EXTRACTED MATERIAL —
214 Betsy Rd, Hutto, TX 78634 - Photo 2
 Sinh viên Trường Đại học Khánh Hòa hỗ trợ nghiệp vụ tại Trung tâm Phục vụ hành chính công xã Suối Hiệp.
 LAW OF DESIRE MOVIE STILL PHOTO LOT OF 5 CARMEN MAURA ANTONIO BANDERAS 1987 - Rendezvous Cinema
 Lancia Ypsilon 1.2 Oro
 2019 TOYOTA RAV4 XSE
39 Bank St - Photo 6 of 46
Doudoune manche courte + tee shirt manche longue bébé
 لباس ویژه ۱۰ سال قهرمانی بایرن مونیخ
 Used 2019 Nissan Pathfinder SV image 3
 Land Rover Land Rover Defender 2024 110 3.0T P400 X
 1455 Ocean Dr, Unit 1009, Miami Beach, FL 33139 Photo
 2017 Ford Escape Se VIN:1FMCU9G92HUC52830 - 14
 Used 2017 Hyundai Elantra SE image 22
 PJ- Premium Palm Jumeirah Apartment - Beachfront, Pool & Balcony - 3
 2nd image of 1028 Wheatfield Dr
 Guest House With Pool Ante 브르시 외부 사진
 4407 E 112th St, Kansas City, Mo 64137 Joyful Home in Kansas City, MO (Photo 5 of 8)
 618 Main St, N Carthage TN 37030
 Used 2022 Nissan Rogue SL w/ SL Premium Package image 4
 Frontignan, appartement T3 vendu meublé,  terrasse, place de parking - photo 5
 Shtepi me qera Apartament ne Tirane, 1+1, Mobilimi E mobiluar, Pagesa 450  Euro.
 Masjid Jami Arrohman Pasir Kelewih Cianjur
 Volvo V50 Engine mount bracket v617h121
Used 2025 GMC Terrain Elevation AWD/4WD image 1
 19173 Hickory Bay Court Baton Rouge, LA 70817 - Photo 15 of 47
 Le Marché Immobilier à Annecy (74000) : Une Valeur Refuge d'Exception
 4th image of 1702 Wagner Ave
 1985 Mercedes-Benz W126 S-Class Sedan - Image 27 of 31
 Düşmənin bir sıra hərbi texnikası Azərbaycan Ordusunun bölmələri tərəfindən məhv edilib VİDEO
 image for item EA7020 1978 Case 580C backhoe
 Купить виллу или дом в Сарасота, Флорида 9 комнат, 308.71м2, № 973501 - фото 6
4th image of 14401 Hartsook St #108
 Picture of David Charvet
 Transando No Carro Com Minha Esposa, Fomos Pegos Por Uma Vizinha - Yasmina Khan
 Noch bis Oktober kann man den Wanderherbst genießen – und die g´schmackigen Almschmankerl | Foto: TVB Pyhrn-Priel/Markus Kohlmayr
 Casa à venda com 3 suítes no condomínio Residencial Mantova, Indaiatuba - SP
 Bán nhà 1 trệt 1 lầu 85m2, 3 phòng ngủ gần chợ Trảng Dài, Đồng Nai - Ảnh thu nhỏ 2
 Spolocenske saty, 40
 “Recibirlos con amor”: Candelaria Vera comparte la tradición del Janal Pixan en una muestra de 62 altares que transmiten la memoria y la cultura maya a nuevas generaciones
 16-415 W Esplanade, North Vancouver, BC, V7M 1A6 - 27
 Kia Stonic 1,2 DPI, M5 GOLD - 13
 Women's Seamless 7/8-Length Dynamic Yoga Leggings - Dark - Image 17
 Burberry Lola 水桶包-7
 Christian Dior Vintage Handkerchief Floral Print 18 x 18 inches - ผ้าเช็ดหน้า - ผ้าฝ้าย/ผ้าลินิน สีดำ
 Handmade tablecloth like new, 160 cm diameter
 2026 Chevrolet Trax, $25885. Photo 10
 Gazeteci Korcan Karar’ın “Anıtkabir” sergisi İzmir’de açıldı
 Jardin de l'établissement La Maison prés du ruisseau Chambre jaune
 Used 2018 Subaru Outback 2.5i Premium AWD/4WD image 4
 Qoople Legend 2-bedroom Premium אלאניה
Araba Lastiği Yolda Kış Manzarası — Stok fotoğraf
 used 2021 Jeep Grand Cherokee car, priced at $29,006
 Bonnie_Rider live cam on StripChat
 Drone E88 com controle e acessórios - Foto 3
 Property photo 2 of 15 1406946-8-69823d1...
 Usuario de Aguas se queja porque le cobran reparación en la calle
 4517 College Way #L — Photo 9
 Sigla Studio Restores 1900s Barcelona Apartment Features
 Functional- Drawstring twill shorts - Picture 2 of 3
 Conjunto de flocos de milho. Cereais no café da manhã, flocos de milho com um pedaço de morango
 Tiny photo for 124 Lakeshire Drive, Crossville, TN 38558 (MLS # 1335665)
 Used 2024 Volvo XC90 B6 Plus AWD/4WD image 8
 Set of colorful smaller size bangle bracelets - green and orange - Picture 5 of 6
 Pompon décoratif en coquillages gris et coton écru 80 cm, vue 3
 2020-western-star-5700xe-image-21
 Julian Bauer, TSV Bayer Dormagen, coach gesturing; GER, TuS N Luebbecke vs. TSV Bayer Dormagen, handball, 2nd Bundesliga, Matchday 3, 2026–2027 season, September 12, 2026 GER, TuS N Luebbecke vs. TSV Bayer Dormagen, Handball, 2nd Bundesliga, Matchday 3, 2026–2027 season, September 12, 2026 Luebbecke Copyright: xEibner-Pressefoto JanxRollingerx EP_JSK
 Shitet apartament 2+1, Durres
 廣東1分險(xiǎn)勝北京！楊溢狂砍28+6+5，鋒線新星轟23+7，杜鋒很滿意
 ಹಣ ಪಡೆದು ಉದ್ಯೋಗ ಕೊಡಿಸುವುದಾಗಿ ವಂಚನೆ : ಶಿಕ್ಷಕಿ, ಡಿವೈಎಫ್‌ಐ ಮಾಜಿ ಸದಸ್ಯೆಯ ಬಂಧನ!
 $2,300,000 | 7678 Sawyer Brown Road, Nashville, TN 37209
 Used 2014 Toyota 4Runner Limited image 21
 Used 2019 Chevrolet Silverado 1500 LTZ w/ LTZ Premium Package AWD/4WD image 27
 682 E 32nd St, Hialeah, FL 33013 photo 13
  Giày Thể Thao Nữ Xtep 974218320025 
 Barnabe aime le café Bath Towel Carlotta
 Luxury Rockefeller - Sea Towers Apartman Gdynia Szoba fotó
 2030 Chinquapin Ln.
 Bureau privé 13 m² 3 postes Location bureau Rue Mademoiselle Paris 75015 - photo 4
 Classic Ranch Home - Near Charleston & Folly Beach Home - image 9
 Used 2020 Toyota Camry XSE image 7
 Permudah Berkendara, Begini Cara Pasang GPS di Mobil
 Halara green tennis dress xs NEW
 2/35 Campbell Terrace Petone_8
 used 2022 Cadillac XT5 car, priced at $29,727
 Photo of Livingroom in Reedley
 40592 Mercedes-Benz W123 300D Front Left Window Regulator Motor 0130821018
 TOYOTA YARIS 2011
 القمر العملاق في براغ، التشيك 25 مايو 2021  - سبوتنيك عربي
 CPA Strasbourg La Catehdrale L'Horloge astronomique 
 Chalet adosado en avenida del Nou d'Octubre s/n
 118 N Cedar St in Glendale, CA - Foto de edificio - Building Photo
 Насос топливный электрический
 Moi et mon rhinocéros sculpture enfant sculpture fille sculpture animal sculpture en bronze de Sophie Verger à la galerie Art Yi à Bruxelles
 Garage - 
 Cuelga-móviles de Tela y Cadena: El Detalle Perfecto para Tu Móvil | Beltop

DESCRIPTION OF THE TASK — Exactly as written, please output every entry.

FINAL ANSWER —
214 Betsy Rd, Hutto, TX 78634 - Photo 2
 Sinh viên Trường Đại học Khánh Hòa hỗ trợ nghiệp vụ tại Trung tâm Phục vụ hành chính công xã Suối Hiệp.
 LAW OF DESIRE MOVIE STILL PHOTO LOT OF 5 CARMEN MAURA ANTONIO BANDERAS 1987 - Rendezvous Cinema
 Lancia Ypsilon 1.2 Oro
 2019 TOYOTA RAV4 XSE
39 Bank St - Photo 6 of 46
Doudoune manche courte + tee shirt manche longue bébé
 لباس ویژه ۱۰ سال قهرمانی بایرن مونیخ
 Used 2019 Nissan Pathfinder SV image 3
 Land Rover Land Rover Defender 2024 110 3.0T P400 X
 1455 Ocean Dr, Unit 1009, Miami Beach, FL 33139 Photo
 2017 Ford Escape Se VIN:1FMCU9G92HUC52830 - 14
 Used 2017 Hyundai Elantra SE image 22
 PJ- Premium Palm Jumeirah Apartment - Beachfront, Pool & Balcony - 3
 2nd image of 1028 Wheatfield Dr
 Guest House With Pool Ante 브르시 외부 사진
 4407 E 112th St, Kansas City, Mo 64137 Joyful Home in Kansas City, MO (Photo 5 of 8)
 618 Main St, N Carthage TN 37030
 Used 2022 Nissan Rogue SL w/ SL Premium Package image 4
 Frontignan, appartement T3 vendu meublé,  terrasse, place de parking - photo 5
 Shtepi me qera Apartament ne Tirane, 1+1, Mobilimi E mobiluar, Pagesa 450  Euro.
 Masjid Jami Arrohman Pasir Kelewih Cianjur
 Volvo V50 Engine mount bracket v617h121
Used 2025 GMC Terrain Elevation AWD/4WD image 1
 19173 Hickory Bay Court Baton Rouge, LA 70817 - Photo 15 of 47
 Le Marché Immobilier à Annecy (74000) : Une Valeur Refuge d'Exception
 4th image of 1702 Wagner Ave
 1985 Mercedes-Benz W126 S-Class Sedan - Image 27 of 31
 Düşmənin bir sıra hərbi texnikası Azərbaycan Ordusunun bölmələri tərəfindən məhv edilib VİDEO
 image for item EA7020 1978 Case 580C backhoe
 Купить виллу или дом в Сарасота, Флорида 9 комнат, 308.71м2, № 973501 - фото 6
4th image of 14401 Hartsook St #108
 Picture of David Charvet
 Transando No Carro Com Minha Esposa, Fomos Pegos Por Uma Vizinha - Yasmina Khan
 Noch bis Oktober kann man den Wanderherbst genießen – und die g´schmackigen Almschmankerl | Foto: TVB Pyhrn-Priel/Markus Kohlmayr
 Casa à venda com 3 suítes no condomínio Residencial Mantova, Indaiatuba - SP
 Bán nhà 1 trệt 1 lầu 85m2, 3 phòng ngủ gần chợ Trảng Dài, Đồng Nai - Ảnh thu nhỏ 2
 Spolocenske saty, 40
 “Recibirlos con amor”: Candelaria Vera comparte la tradición del Janal Pixan en una muestra de 62 altares que transmiten la memoria y la cultura maya a nuevas generaciones
 16-415 W Esplanade, North Vancouver, BC, V7M 1A6 - 27
 Kia Stonic 1,2 DPI, M5 GOLD - 13
 Women's Seamless 7/8-Length Dynamic Yoga Leggings - Dark - Image 17
 Burberry Lola 水桶包-7
 Christian Dior Vintage Handkerchief Floral Print 18 x 18 inches - ผ้าเช็ดหน้า - ผ้าฝ้าย/ผ้าลินิน สีดำ
 Handmade tablecloth like new, 160 cm diameter
 2026 Chevrolet Trax, $25885. Photo 10
 Gazeteci Korcan Karar’ın “Anıtkabir” sergisi İzmir’de açıldı
 Jardin de l'établissement La Maison prés du ruisseau Chambre jaune
 Used 2018 Subaru Outback 2.5i Premium AWD/4WD image 4
 Qoople Legend 2-bedroom Premium אלאניה
Araba Lastiği Yolda Kış Manzarası — Stok fotoğraf
 used 2021 Jeep Grand Cherokee car, priced at $29,006
 Bonnie_Rider live cam on StripChat
 Drone E88 com controle e acessórios - Foto 3
 Property photo 2 of 15 1406946-8-69823d1...
 Usuario de Aguas se queja porque le cobran reparación en la calle
 4517 College Way #L — Photo 9
 Sigla Studio Restores 1900s Barcelona Apartment Features
 Functional- Drawstring twill shorts - Picture 2 of 3
 Conjunto de flocos de milho. Cereais no café da manhã, flocos de milho com um pedaço de morango
 Tiny photo for 124 Lakeshire Drive, Crossville, TN 38558 (MLS # 1335665)
 Used 2024 Volvo XC90 B6 Plus AWD/4WD image 8
 Set of colorful smaller size bangle bracelets - green and orange - Picture 5 of 6
 Pompon décoratif en coquillages gris et coton écru 80 cm, vue 3
 2020-western-star-5700xe-image-21
 Julian Bauer, TSV Bayer Dormagen, coach gesturing; GER, TuS N Luebbecke vs. TSV Bayer Dormagen, handball, 2nd Bundesliga, Matchday 3, 2026–2027 season, September 12, 2026 GER, TuS N Luebbecke vs. TSV Bayer Dormagen, Handball, 2nd Bundesliga, Matchday 3, 2026–2027 season, September 12, 2026 Luebbecke Copyright: xEibner-Pressefoto JanxRollingerx EP_JSK
 Shitet apartament 2+1, Durres
 廣東1分險(xiǎn)勝北京！楊溢狂砍28+6+5，鋒線新星轟23+7，杜鋒很滿意
 ಹಣ ಪಡೆದು ಉದ್ಯೋಗ ಕೊಡಿಸುವುದಾಗಿ ವಂಚನೆ : ಶಿಕ್ಷಕಿ, ಡಿವೈಎಫ್‌ಐ ಮಾಜಿ ಸದಸ್ಯೆಯ ಬಂಧನ!
 $2,300,000 | 7678 Sawyer Brown Road, Nashville, TN 37209
 Used 2014 Toyota 4Runner Limited image 21
 Used 2019 Chevrolet Silverado 1500 LTZ w/ LTZ Premium Package AWD/4WD image 27
 682 E 32nd St, Hialeah, FL 33013 photo 13
  Giày Thể Thao Nữ Xtep 974218320025 
 Barnabe aime le café Bath Towel Carlotta
 Luxury Rockefeller - Sea Towers Apartman Gdynia Szoba fotó
 2030 Chinquapin Ln.
 Bureau privé 13 m² 3 postes Location bureau Rue Mademoiselle Paris 75015 - photo 4
 Classic Ranch Home - Near Charleston & Folly Beach Home - image 9
 Used 2020 Toyota Camry XSE image 7
 Permudah Berkendara, Begini Cara Pasang GPS di Mobil
 Halara green tennis dress xs NEW
 2/35 Campbell Terrace Petone_8
 used 2022 Cadillac XT5 car, priced at $29,727
 Photo of Livingroom in Reedley
 40592 Mercedes-Benz W123 300D Front Left Window Regulator Motor 0130821018
 TOYOTA YARIS 2011
 القمر العملاق في براغ، التشيك 25 مايو 2021  - سبوتنيك عربي
 CPA Strasbourg La Catehdrale L'Horloge astronomique 
 Chalet adosado en avenida del Nou d'Octubre s/n
 118 N Cedar St in Glendale, CA - Foto de edificio - Building Photo
 Насос топливный электрический
 Moi et mon rhinocéros sculpture enfant sculpture fille sculpture animal sculpture en bronze de Sophie Verger à la galerie Art Yi à Bruxelles
 Garage - 
 Cuelga-móviles de Tela y Cadena: El Detalle Perfecto para Tu Móvil | Beltop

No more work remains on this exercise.